I read of the US Senate passing a 1.7 trillion dollar budget to keep the government from shutting down. That’s a big number, and I’m not sure how much it’s worth to keep the government running. Then I got to thinking – we need to personalize this. There are about 330 million people in the US – so all I have to do is the math.
The first problem is that Genevieve Guitel built the chart, and on the short scale, a trillion has 12 zeros, and on the long scale a trillion has 18 zeros. It’s confusing – both scales are the same for lower numbers like a thousand and a million – the scales diverge on a billion – in the short scale a billion is 10 to the 9th power, on the long scale a billion is 10 to the twelfth. These two scales usually don’t get into the way of my calculations. I’m going to treat the budget as if it’s the short scale first – if a trillion is 1,000,000,000,000 then the budget is 1,700,000,000,000 dollars.

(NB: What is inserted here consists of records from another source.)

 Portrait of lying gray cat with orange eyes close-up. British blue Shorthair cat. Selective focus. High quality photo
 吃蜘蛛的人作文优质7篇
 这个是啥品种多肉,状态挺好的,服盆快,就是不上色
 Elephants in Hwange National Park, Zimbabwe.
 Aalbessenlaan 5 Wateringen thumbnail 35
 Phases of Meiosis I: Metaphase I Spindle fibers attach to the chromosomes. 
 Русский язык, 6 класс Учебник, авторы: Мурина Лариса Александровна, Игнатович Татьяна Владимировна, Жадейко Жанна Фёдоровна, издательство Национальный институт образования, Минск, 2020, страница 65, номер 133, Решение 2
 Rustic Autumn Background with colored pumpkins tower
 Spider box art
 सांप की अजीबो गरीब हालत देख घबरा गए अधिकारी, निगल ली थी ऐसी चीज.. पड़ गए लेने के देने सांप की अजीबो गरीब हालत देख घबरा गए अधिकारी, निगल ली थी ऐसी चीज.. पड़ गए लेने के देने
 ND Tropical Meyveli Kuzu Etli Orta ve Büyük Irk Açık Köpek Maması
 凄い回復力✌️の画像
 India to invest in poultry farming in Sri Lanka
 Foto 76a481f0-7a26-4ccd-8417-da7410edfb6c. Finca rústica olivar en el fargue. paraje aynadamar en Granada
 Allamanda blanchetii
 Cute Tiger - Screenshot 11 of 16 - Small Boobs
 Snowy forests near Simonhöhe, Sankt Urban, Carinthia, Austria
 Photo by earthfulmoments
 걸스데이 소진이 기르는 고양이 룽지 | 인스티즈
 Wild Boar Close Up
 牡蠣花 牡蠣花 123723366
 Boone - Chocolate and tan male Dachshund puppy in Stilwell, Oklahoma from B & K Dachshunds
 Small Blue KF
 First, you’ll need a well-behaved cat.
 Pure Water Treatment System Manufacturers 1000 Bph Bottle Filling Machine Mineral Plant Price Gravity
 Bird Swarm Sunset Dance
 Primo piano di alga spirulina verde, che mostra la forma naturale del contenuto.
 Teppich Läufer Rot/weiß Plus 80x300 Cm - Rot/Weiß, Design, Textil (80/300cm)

First, to make it personal, if I spent a million dollars an hour, it would take just under 699 years to spend a trillion dollars. Then the math:
1,700,000,000,000 dollars
330,000,000 Americans
So I cancel 6 zeros top and bottom and come up with 1,700,000/330
Cancel two more zeros and I have 17,000/3.3
At this stage, my calculator can handle the math – this latest spending bill is $5151.51 for every man, woman and child in America. Of course if the pundits are using long chart trillions, we would need to add six zeros . . . but our politicians wouldn’t sneak that sort of a definition change into a 4,155 page bill . . . would they?
If I read things right, it includes a new building for the FBI headquarters. Hopefully our lobbyists can get it built as a community development project between Butte and Anaconda.